Set down all of the data exactly. Pictures stay out of the copy.

Given material:

####################

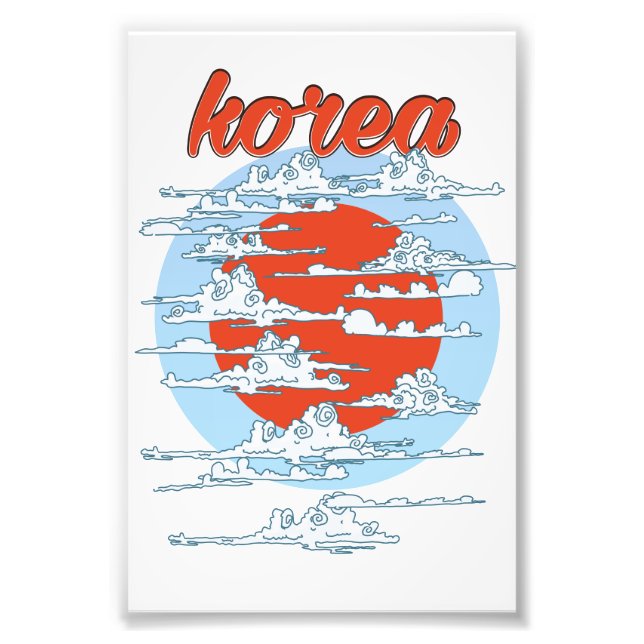 Korea Photo Print (Front)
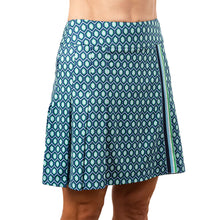 Load image into Gallery viewer, Scratch Seventy Jennifer Womens Golf Skort - Navy/Geo/L
 - 3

####################

Solution to the exercise:
 Korea Photo Print (Front)
 Load image into Gallery viewer, Scratch Seventy Jennifer Womens Golf Skort - Navy/Geo/L
 - 3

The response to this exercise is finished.